Along with an effort to identify so-called double voters, the party had also performed a computer crosscheck of voting records from 2004 with a list of felons, turning up several hundred possible violators. The assertions of fraud were turned over to the United States attorney's office for investigation.

Ms. Prude's path to jail began after she attended a Democratic rally in Milwaukee featuring the Rev. Al Sharpton in late 2004. Along with hundreds of others, she marched to City Hall and registered to vote. Soon after, she sent in an absentee ballot.

Four years earlier, though, Ms. Prude had been convicted of trying to cash a counterfeit county government check worth $1,254. She was placed on six years' probation.

Ms. Prude said she believed that she was permitted to vote because she was not in jail or on parole, she testified in court. Told by her probation officer that she could not vote, she said she immediately called City Hall to rescind her vote, a step she was told was not necessary.

"I made a big mistake, like I said, and I truly apologize for it," Ms. Prude said during her trial in 2005. That vote, though, resulted in a felony conviction and sent her to jail for violating probation.

Of the hundreds of people initially suspected of violations in Milwaukee, 14 -- most black, poor, Democratic and first-time voters -- ever faced federal charges. United States Attorney Steven M. Biskupic would say only that there was insufficient evidence to bring other cases.

No residents of the house where Mr. Graber made his assertion were charged. Even the 14 proved frustrating for the Justice Department. It won five cases in court.

The evidence that some felons knew they that could not vote consisted simply of a form outlining 20 or more rules that they were given when put on probation and signs at local government offices, testimony shows.

The Wisconsin prosecutors lost every case on double voting. Cynthia C. Alicea, 25, was accused of multiple voting in 2004 because officials found two registration cards in her name. She and others were acquitted after explaining that they had filed a second card and voted just once after a clerk said they had filled out the first card incorrectly.
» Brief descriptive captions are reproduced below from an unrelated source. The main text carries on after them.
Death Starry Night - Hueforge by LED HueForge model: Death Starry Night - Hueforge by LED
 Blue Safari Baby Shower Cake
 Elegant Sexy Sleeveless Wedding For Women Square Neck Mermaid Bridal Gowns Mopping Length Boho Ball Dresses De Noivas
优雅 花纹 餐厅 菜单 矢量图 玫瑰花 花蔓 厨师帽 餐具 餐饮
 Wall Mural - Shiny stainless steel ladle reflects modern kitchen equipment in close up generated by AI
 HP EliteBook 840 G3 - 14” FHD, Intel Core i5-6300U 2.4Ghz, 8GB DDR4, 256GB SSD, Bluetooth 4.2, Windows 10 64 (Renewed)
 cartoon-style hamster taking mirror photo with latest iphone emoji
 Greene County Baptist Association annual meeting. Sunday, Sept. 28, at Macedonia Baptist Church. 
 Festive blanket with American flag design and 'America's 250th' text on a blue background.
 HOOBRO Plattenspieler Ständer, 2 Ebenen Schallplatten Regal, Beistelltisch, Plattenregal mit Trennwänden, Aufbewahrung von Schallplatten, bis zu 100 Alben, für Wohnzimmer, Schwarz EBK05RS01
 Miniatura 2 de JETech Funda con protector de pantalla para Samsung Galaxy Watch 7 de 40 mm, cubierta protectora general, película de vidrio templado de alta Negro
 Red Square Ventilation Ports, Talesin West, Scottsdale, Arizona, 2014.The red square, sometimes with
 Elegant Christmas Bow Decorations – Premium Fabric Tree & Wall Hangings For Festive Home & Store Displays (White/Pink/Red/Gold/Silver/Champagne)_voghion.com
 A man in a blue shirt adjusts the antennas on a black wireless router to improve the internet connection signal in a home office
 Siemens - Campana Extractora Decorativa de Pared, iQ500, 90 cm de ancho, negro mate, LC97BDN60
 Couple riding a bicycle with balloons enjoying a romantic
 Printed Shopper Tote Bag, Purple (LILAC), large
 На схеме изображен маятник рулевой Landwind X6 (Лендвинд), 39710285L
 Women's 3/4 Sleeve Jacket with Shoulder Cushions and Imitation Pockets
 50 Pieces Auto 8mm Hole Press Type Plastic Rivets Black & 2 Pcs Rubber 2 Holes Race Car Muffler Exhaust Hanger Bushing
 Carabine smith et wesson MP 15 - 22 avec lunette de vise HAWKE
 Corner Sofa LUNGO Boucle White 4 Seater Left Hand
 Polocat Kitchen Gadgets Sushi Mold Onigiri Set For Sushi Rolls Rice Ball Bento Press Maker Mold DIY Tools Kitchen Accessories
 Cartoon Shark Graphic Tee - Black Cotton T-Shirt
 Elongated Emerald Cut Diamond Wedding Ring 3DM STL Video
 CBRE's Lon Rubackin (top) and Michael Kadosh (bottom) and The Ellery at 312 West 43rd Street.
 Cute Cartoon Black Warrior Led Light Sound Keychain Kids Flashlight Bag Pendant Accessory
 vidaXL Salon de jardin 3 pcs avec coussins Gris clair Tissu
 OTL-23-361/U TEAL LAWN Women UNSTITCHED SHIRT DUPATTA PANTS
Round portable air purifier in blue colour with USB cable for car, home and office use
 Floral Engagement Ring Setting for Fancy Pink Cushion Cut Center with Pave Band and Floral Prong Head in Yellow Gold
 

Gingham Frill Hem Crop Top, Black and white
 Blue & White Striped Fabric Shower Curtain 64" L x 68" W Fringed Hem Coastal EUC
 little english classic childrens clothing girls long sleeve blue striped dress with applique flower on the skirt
In other states, some of those charged blamed confusion for their actions. Registration forms almost always require a statement affirming citizenship.

Mr. Ali, 68, who had owned a jewelry store in Tallahassee, got into trouble after a clerk at the motor vehicles office had him complete a registration form that he quickly filled out in line, unaware that it was reserved just for United States citizens.

Even though he never voted, he was deported after living legally in this country for more than 10 years because of his misdemeanor federal criminal conviction.

"We're foreigners here," Mr. Ali said in a telephone interview from Lahore, Pakistan, where he lives with his daughter and wife, both United States citizens.

In Alaska, Rogelio Mejorada-Lopez, who manages a gasoline station, had received a voter registration form in the mail. Because he had applied for citizenship, he thought it was permissible to vote, his lawyer said. Now, he may be deported to Mexico after 16 years in the United States. "What I want is for them to leave me alone," he said in an interview.

Federal prosecutors in Kansas and Missouri successfully prosecuted four people for multiple voting. Several claimed residency in each state and voted twice.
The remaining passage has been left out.